*Requirement*
Exclude the pictures and reproduce the remaining data exactly as written.

*Raw data*
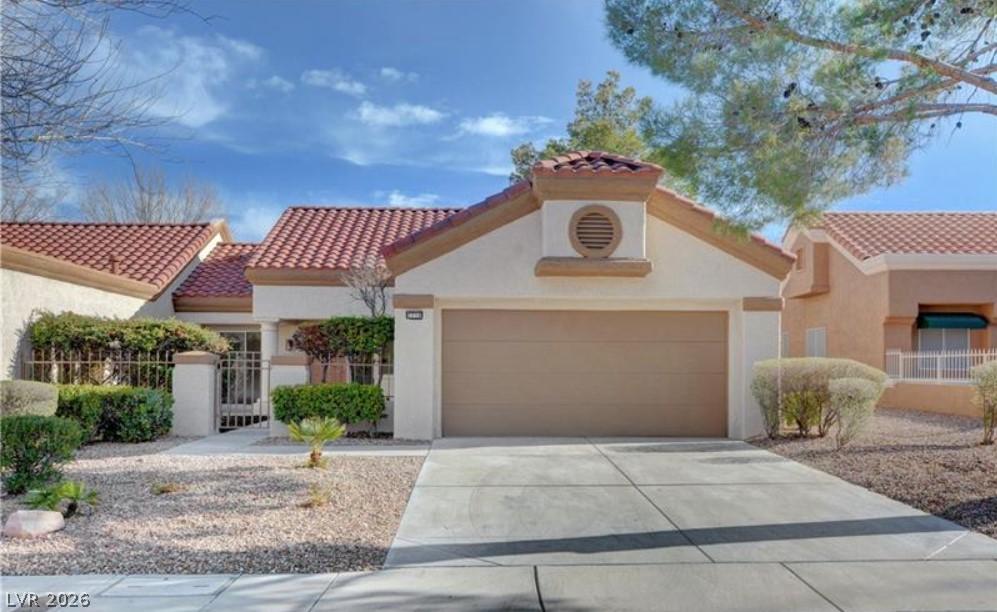 Image 3: A well-maintained stucco home with a tile roof and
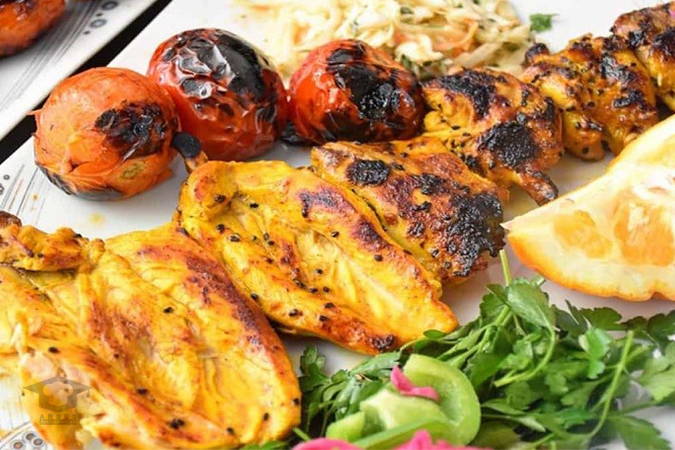 مواد اولیه تازه و باکیفیت برای تهیه جوجه کباب خانگی شامل تکههای مرغ، پیاز، فلفل دلمهای، ماست و زعفران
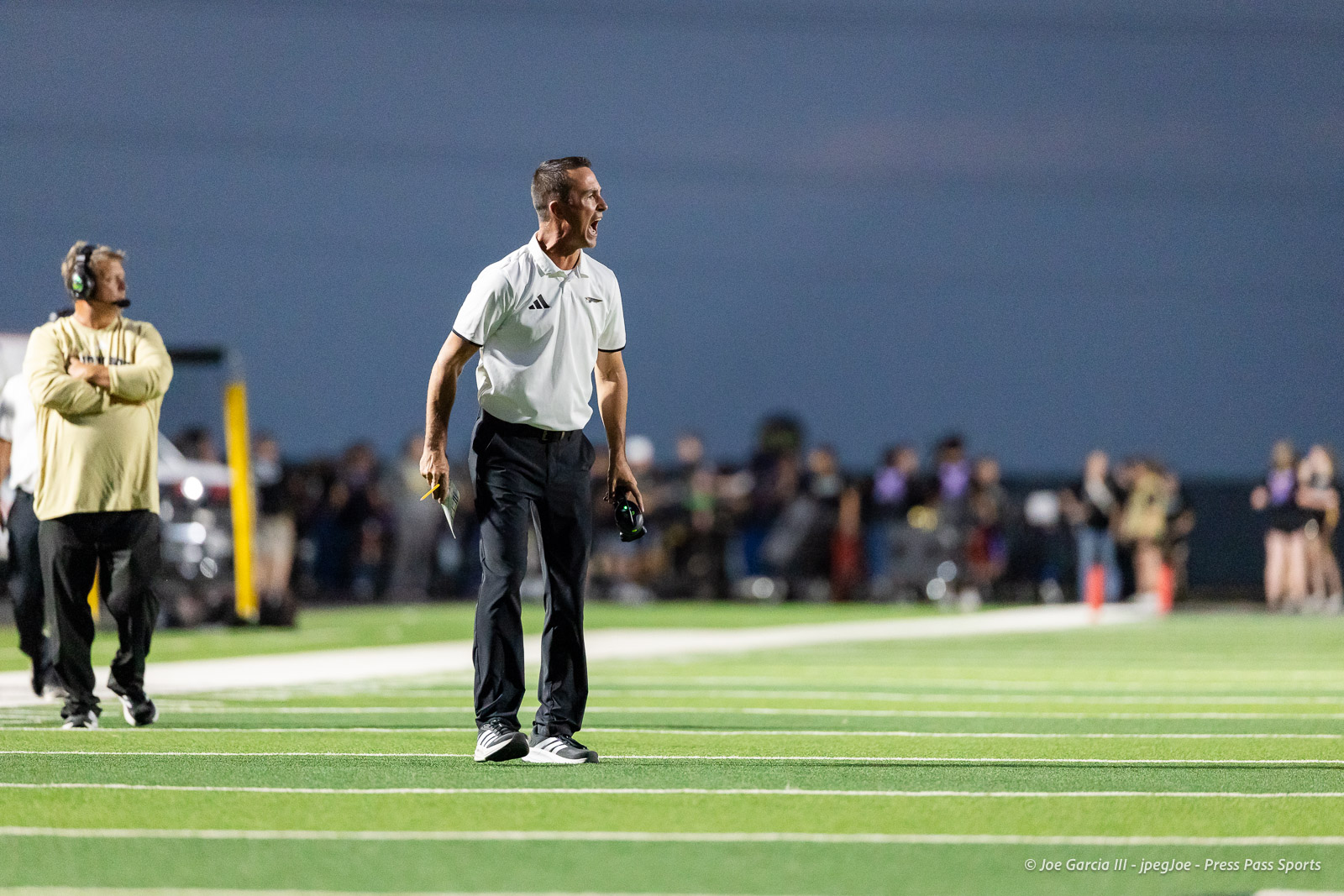 Coach on a football field shouting instructions, holding a whistle and a clipboard, with blurred spectators in the background at dusk.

*Written response*
 Image 3: A well-maintained stucco home with a tile roof and
 مواد اولیه تازه و باکیفیت برای تهیه جوجه کباب خانگی شامل تکههای مرغ، پیاز، فلفل دلمهای، ماست و زعفران
 Coach on a football field shouting instructions, holding a whistle and a clipboard, with blurred spectators in the background at dusk.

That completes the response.